Extracted information:
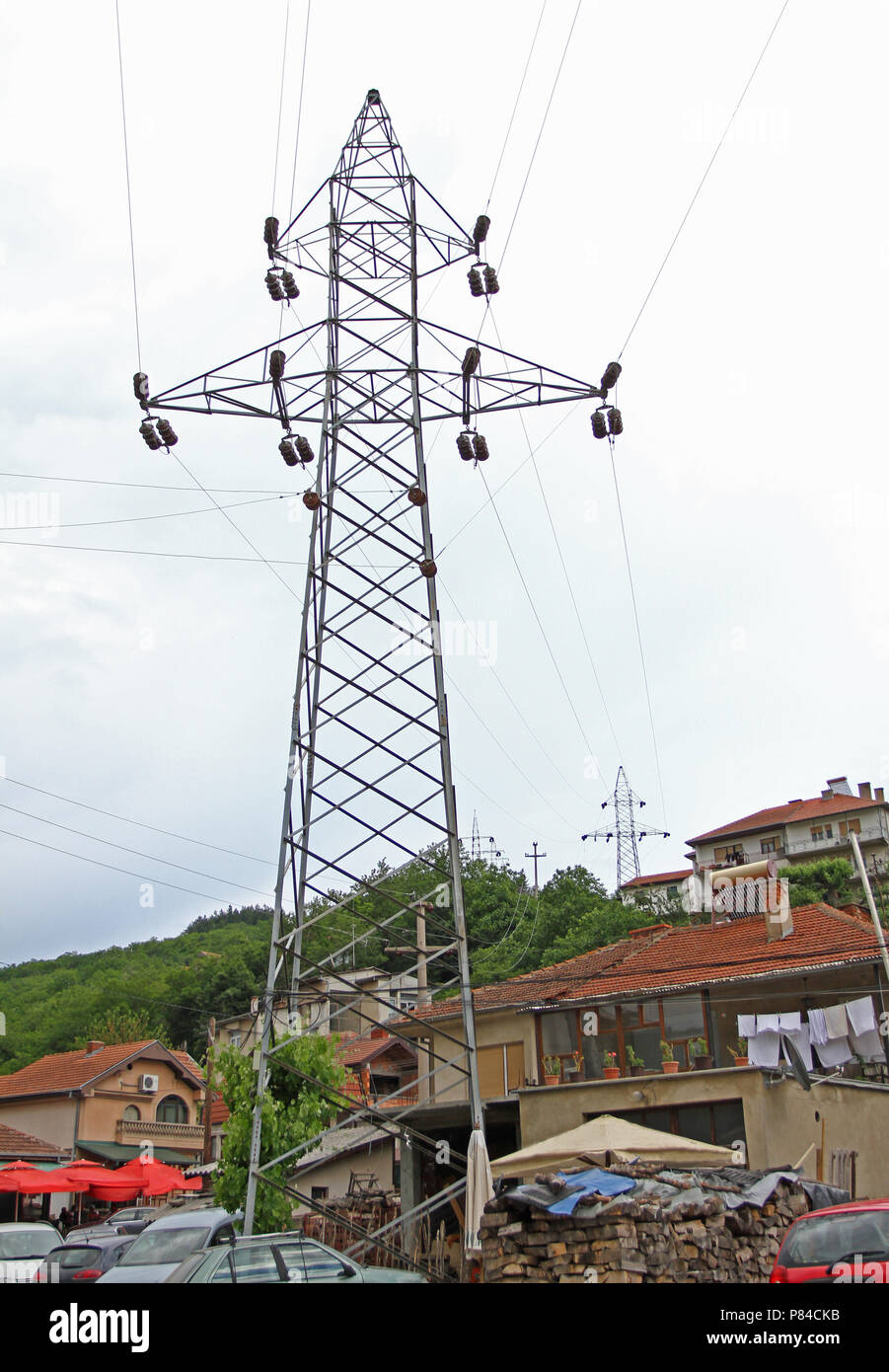 Elektrische Türme mit Kabel für Strom in der Mitte der Stadt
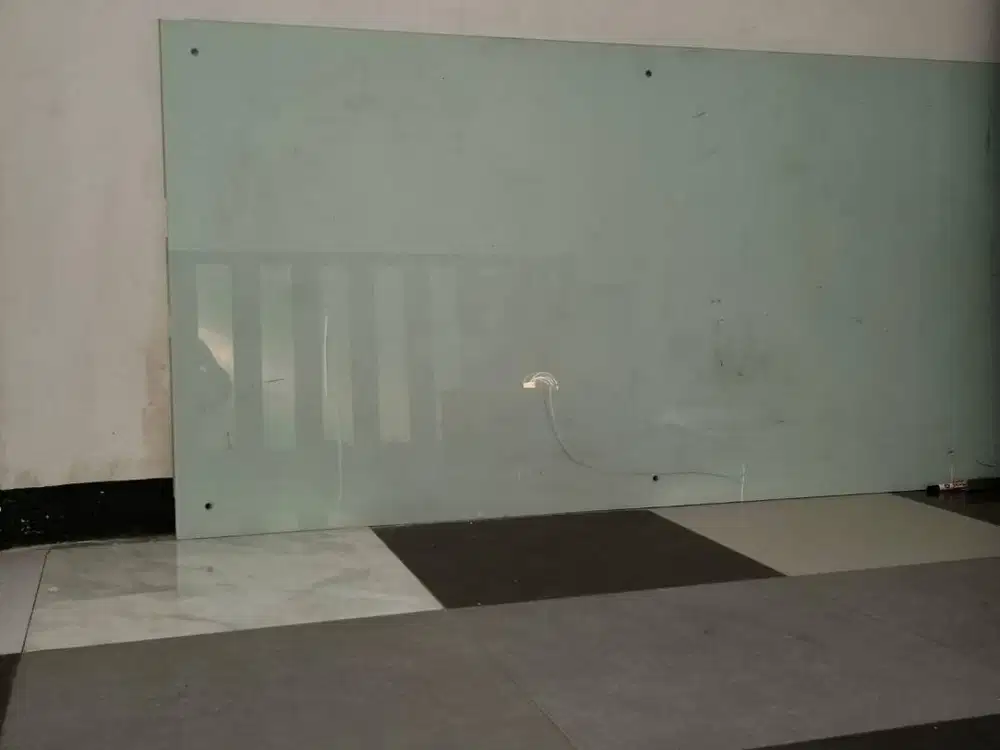 Di Jual Murah Papan Tulis Kaca Tebal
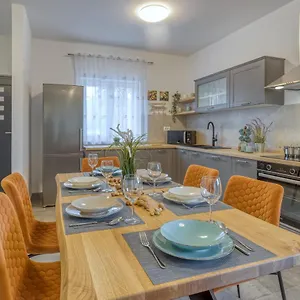 Mario & Ana House Pićan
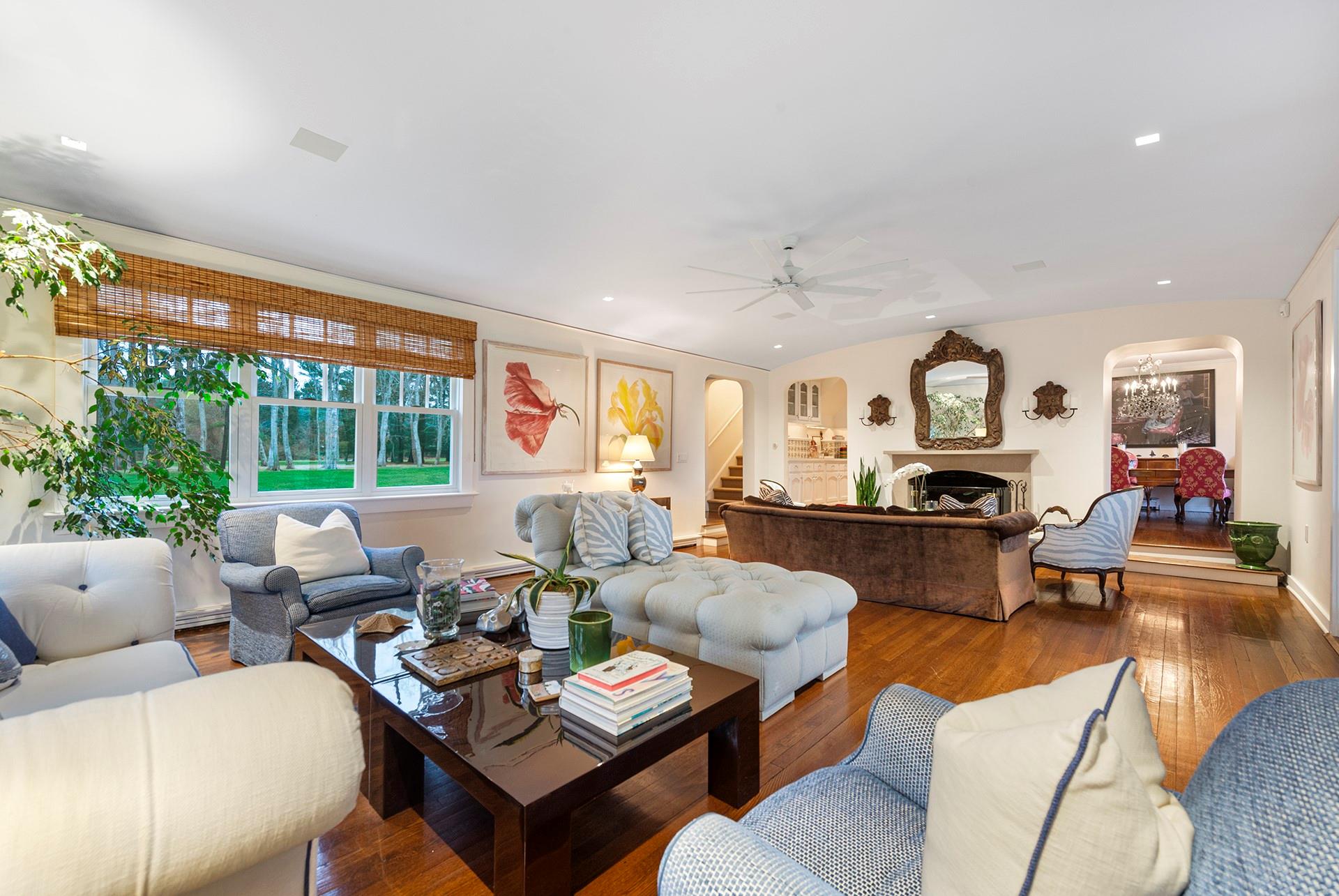 39 Homestead Road, Quiogue, NY 11978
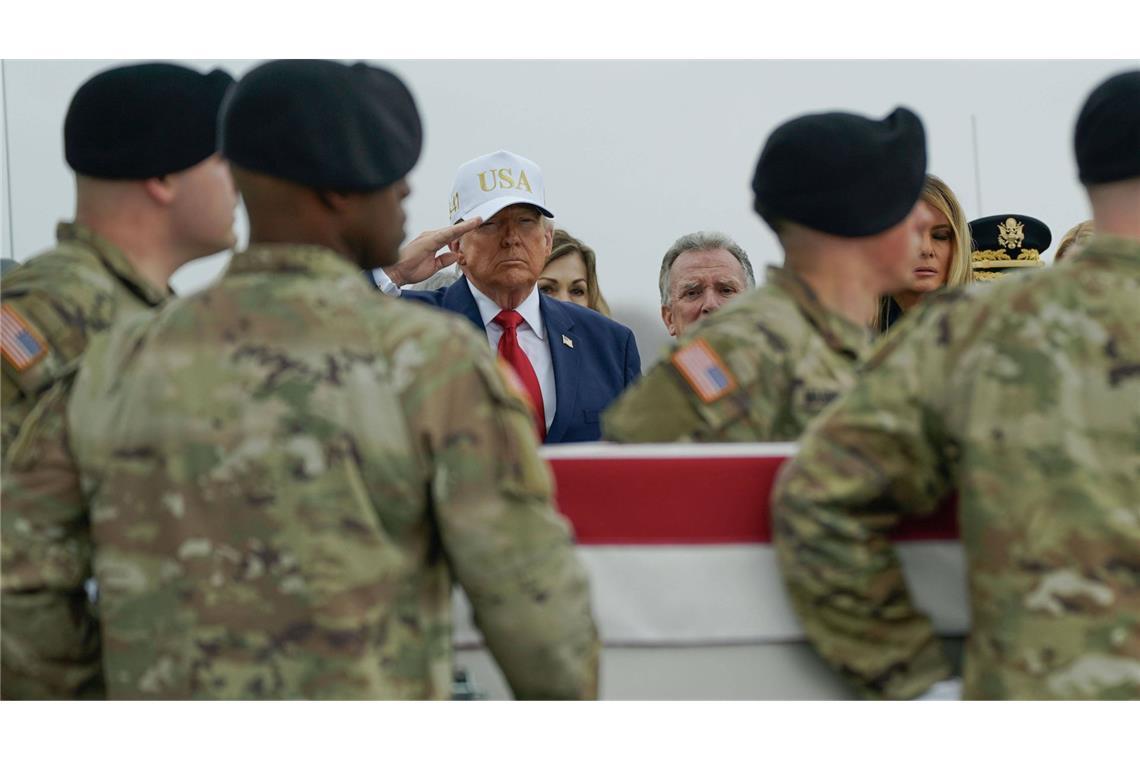 Nicht gut für Trumps Ansehen: Mindestens sieben Soldaten sind im Iran-Krieg bisher ums Leben gekommen. Das Pentagon gab zudem rund 140 Verletzte bekannt.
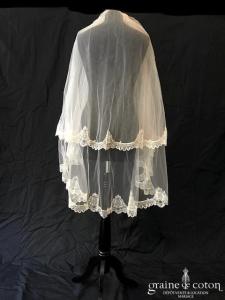 Pronovias - Voile mi long bordé de dentelle de Chantilly ivoire clair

Your instructions:
Please print the span that begins at the line holding "39 Homestead Road, Quiogue, NY 11978" and ends at the last line of the data, both ends included, with no pictures.

Answer to the exercise:
 39 Homestead Road, Quiogue, NY 11978
 Nicht gut für Trumps Ansehen: Mindestens sieben Soldaten sind im Iran-Krieg bisher ums Leben gekommen. Das Pentagon gab zudem rund 140 Verletzte bekannt.
 Pronovias - Voile mi long bordé de dentelle de Chantilly ivoire clair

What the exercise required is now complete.